Take the entries below and reproduce exactly the portion that begins at the line containing "Citizen - Youth Mp3" and ends at the line containing "F5V3750MoltenFutbol ToplarıMolten F5V3750", keeping both ends, dropping pictures, and adding nothing else.

Exercise inputs =

-- Opening Marker --

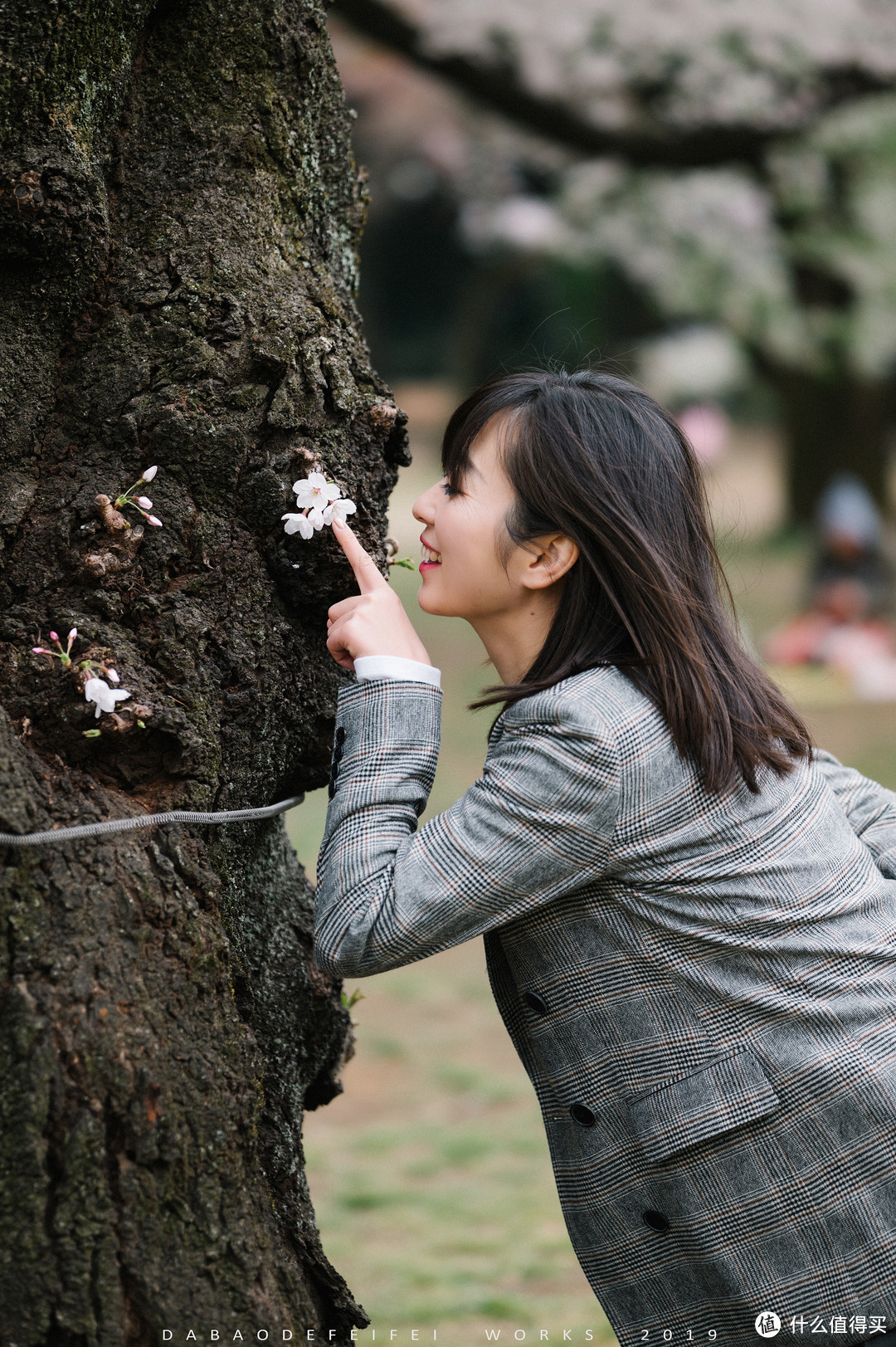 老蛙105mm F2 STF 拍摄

-- Closing Marker --
-- Opening Marker --

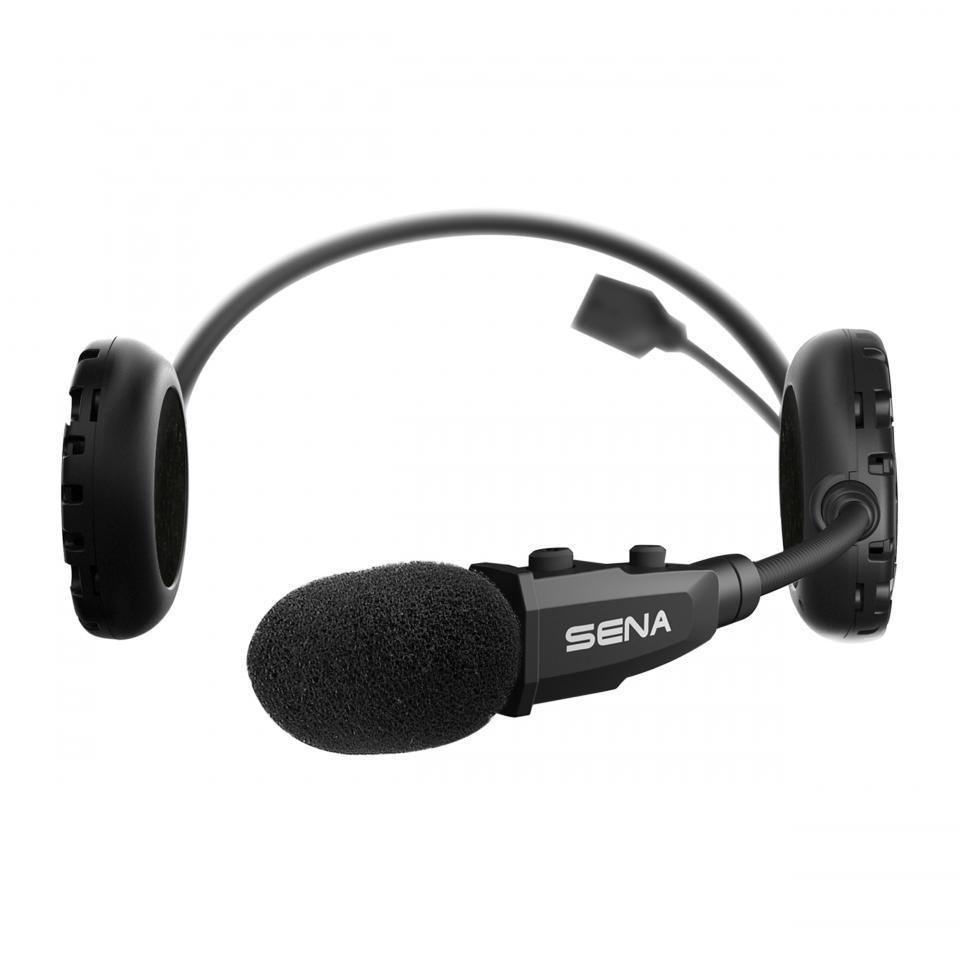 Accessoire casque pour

-- Closing Marker --
-- Opening Marker --

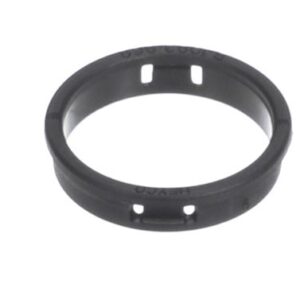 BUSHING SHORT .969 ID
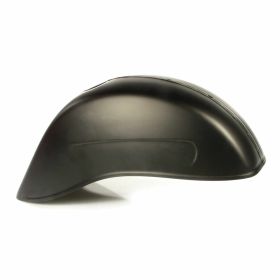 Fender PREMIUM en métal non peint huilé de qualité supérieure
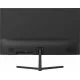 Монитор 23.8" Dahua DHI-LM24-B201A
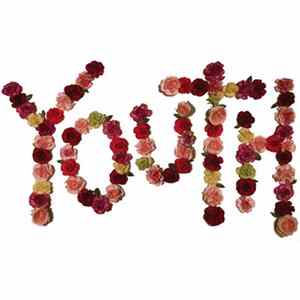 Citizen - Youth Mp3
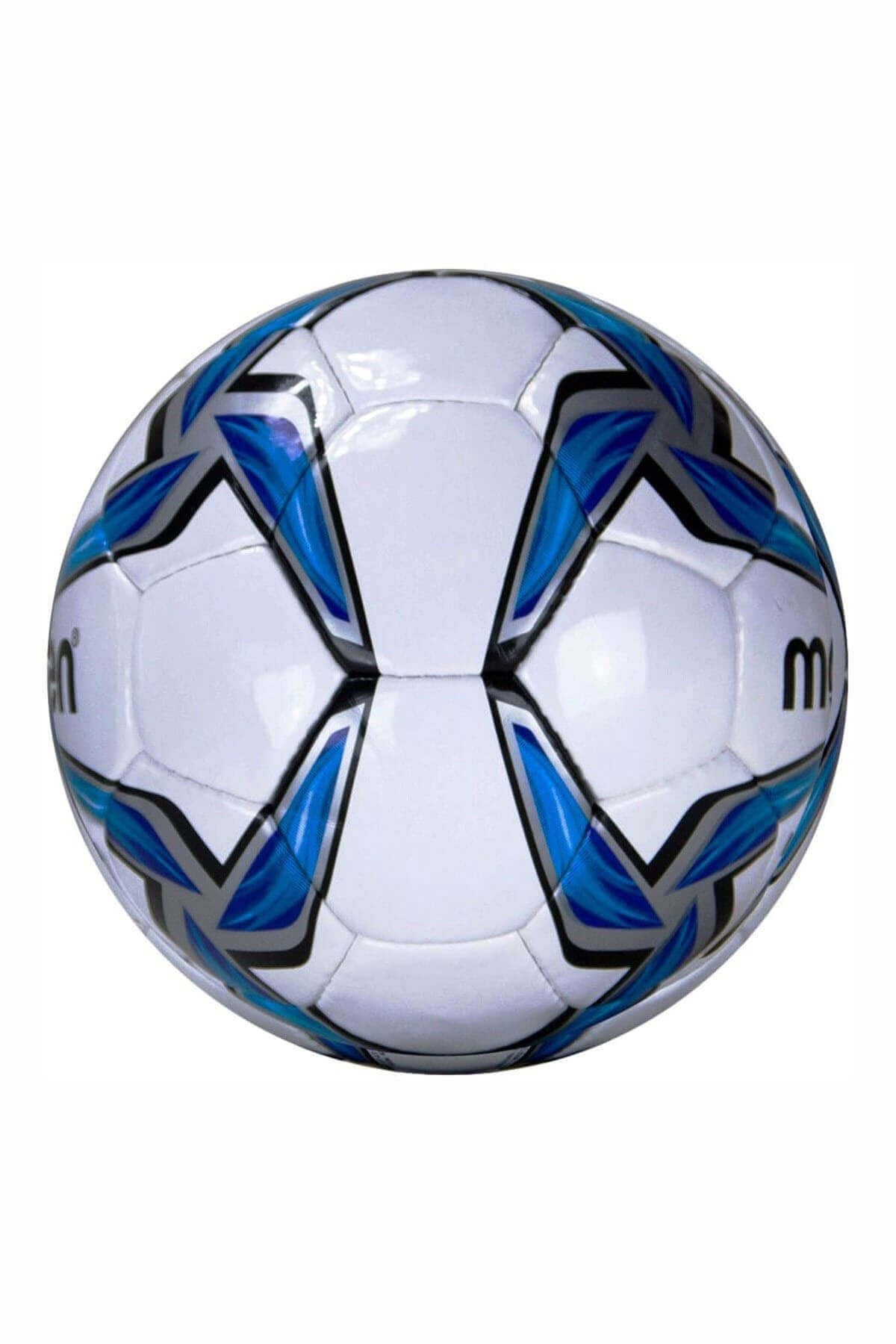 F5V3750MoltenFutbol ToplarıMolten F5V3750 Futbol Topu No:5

-- Closing Marker --

Answer space =
 Citizen - Youth Mp3
 F5V3750MoltenFutbol ToplarıMolten F5V3750 Futbol Topu No:5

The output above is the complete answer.